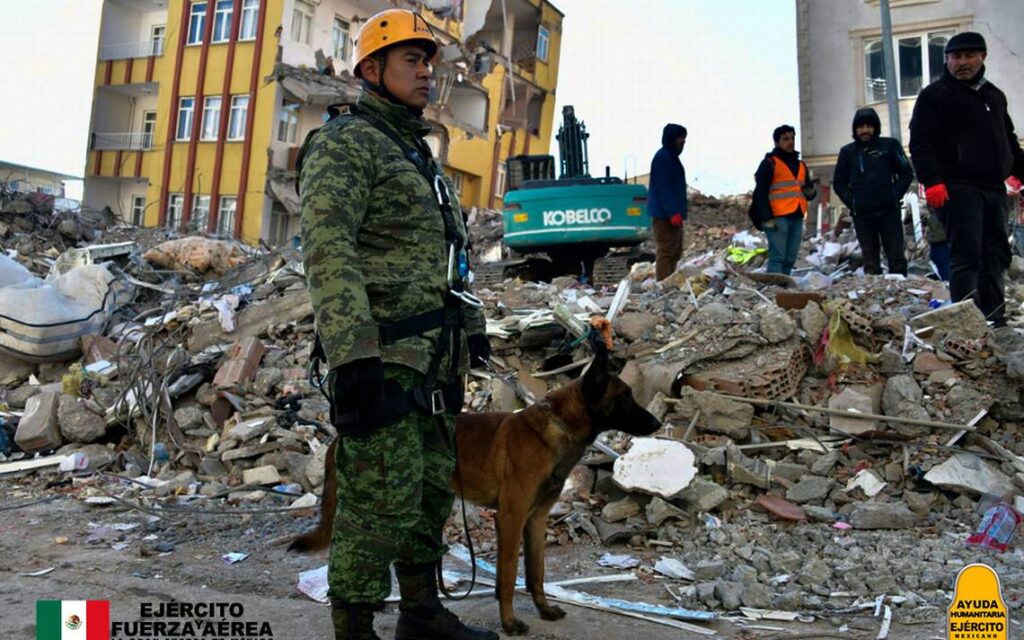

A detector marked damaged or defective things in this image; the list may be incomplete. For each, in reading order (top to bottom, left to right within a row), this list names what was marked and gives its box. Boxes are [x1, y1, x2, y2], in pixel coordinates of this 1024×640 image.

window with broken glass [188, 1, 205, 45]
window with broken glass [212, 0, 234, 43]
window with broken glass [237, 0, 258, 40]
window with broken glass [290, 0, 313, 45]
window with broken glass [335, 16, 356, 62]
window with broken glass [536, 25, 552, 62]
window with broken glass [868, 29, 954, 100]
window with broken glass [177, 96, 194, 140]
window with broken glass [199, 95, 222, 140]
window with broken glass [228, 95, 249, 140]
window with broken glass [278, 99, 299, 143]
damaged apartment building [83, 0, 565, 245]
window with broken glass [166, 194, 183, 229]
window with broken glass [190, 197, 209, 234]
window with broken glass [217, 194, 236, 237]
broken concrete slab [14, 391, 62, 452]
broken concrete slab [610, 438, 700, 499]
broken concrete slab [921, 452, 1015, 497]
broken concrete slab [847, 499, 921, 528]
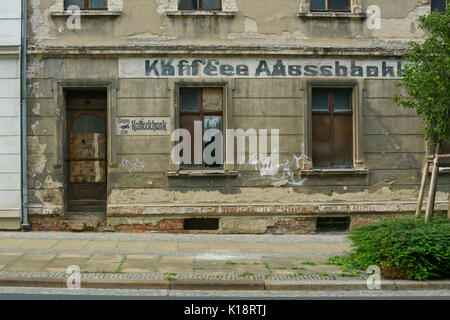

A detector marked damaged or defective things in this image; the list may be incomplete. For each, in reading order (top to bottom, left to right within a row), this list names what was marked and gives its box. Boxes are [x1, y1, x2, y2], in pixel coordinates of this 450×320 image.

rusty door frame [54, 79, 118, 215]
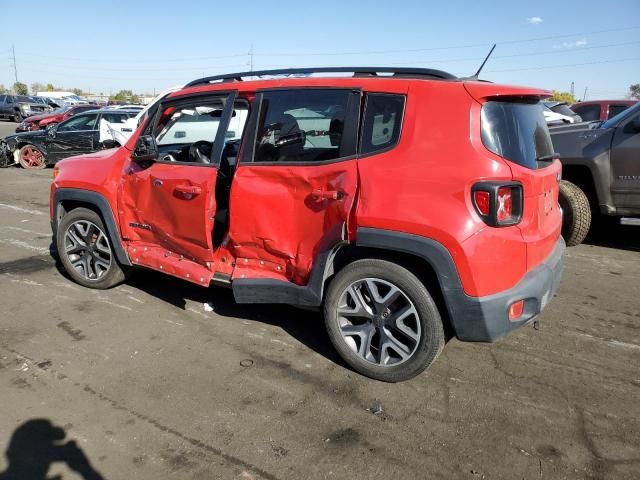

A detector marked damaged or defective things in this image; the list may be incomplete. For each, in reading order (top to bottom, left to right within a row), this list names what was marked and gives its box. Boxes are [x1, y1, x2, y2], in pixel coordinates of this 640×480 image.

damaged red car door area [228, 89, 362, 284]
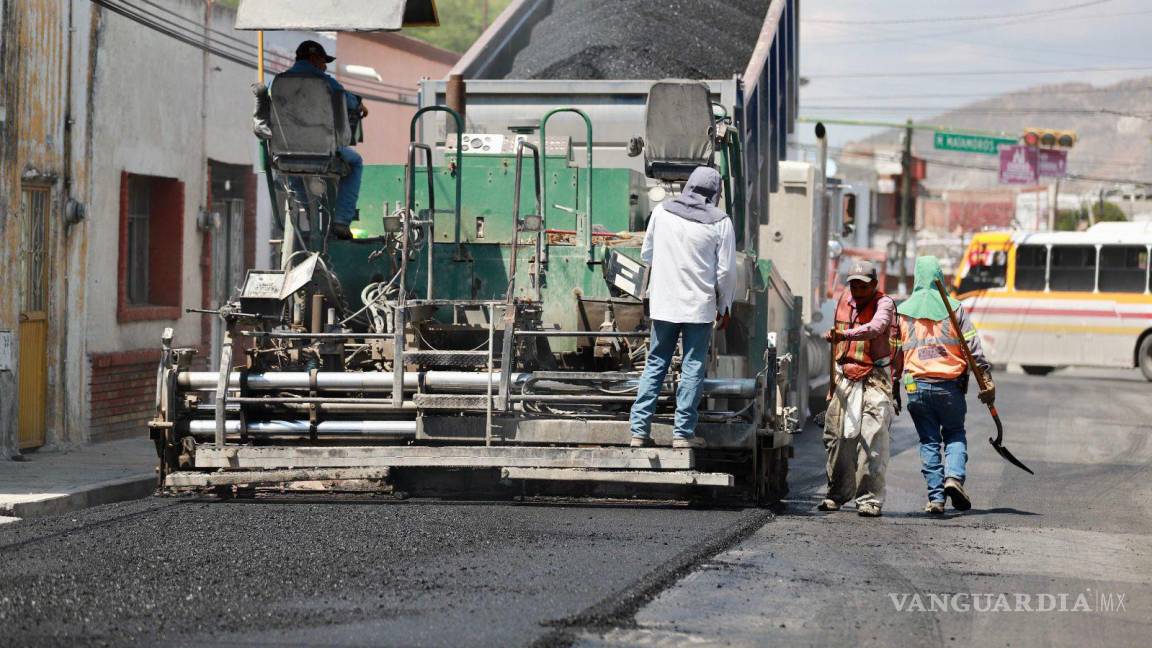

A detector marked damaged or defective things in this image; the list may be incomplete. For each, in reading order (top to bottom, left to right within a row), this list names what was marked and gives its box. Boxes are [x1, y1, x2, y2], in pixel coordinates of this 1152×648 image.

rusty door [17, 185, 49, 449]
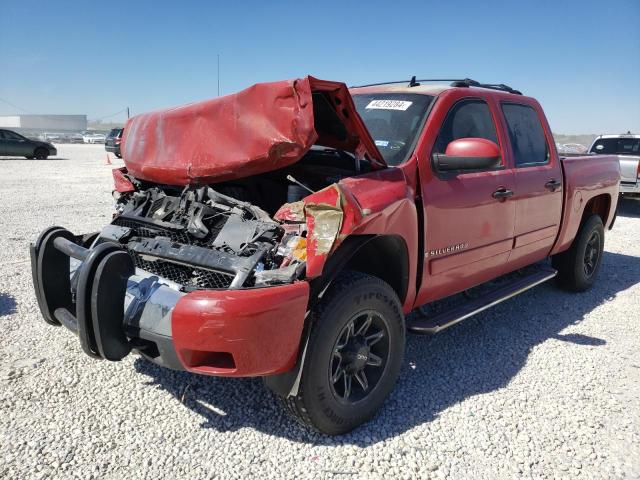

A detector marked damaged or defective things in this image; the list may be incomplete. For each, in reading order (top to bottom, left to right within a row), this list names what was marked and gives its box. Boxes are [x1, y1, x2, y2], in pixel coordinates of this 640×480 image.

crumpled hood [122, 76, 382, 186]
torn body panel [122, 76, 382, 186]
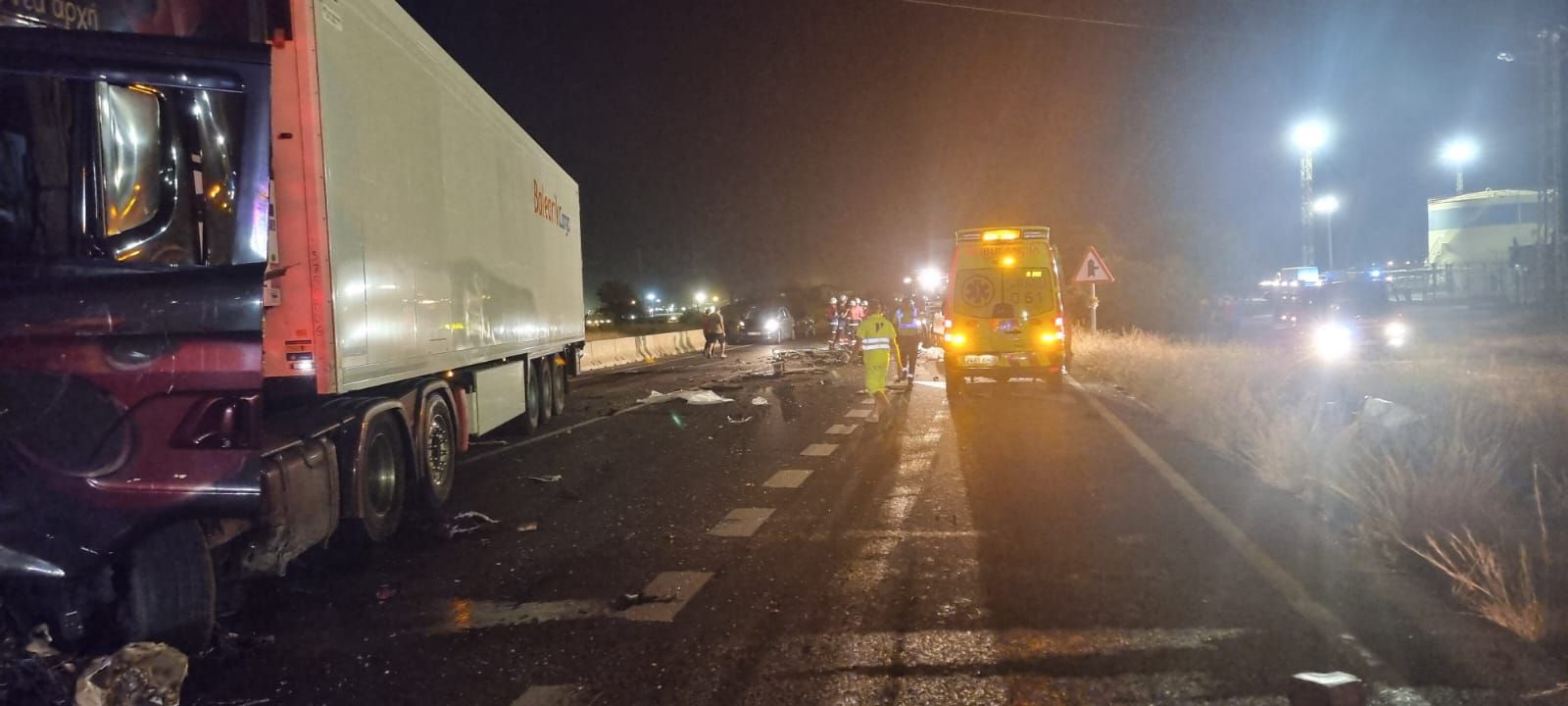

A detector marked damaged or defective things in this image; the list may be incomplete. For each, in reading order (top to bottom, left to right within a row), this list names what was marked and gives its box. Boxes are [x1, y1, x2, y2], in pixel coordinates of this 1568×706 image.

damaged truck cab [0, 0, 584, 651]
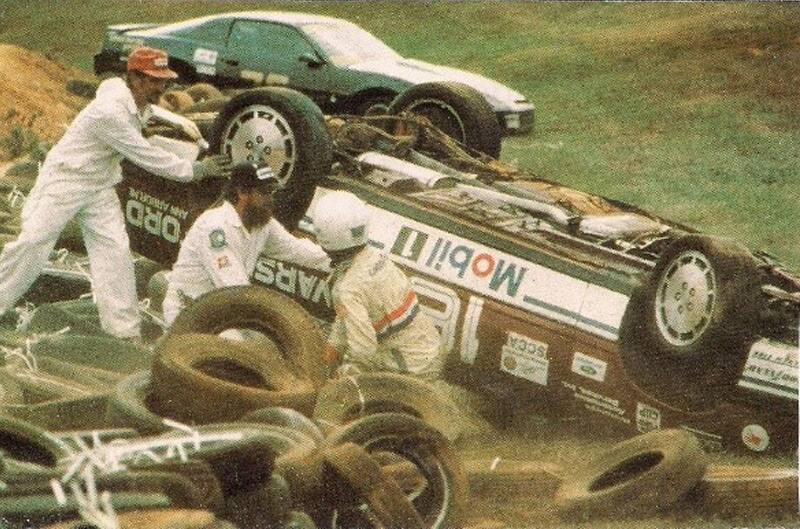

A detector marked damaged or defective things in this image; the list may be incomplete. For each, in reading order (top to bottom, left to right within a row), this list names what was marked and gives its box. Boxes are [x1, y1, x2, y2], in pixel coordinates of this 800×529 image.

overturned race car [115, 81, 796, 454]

########

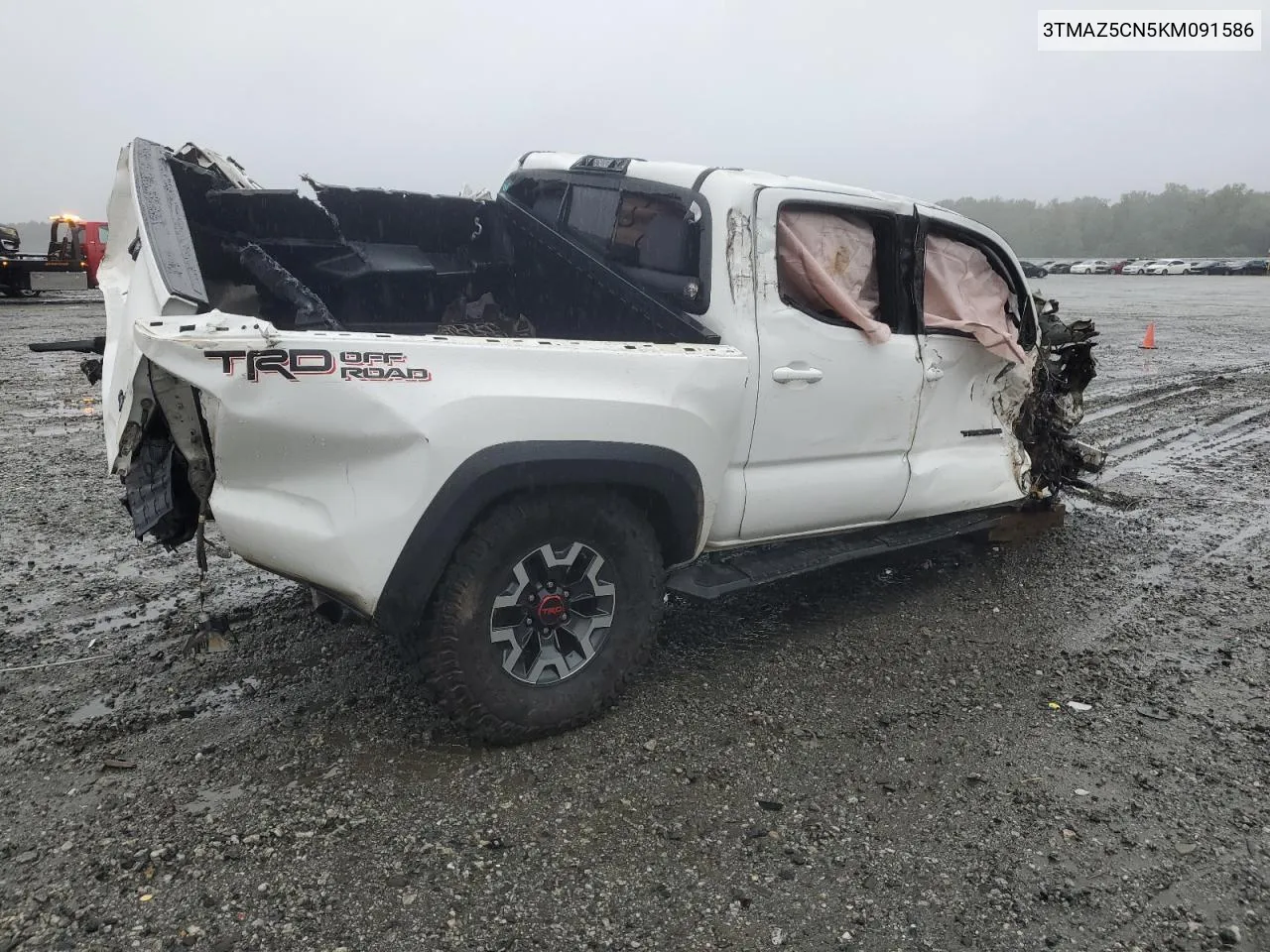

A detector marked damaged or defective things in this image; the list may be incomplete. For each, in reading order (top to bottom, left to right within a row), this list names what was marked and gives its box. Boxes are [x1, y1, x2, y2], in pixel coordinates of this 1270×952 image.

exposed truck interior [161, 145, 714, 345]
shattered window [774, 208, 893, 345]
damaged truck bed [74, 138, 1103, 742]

########

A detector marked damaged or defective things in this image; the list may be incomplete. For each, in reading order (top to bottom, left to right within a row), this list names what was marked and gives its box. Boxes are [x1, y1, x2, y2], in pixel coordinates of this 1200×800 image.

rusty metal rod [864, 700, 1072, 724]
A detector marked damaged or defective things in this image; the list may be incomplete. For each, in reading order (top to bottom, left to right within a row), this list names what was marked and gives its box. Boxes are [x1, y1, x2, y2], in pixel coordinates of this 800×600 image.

########

AIM OF THE TASK: Within the listing above, give again exactly every line from the line with "this 1200×800 image." through the line with "this 800×600 image.", both included, and no other line.

TASK ANSWER:
A detector marked damaged or defective things in this image; the list may be incomplete. For each, in reading order (top to bottom, left to right within a row), this list names what was marked and gives its box. Boxes are [x1, y1, x2, y2], in pixel coordinates of this 1200×800 image.

rusty metal rod [864, 700, 1072, 724]
A detector marked damaged or defective things in this image; the list may be incomplete. For each, in reading order (top to bottom, left to right within a row), this list names what was marked and gives its box. Boxes are [x1, y1, x2, y2], in pixel coordinates of this 800×600 image.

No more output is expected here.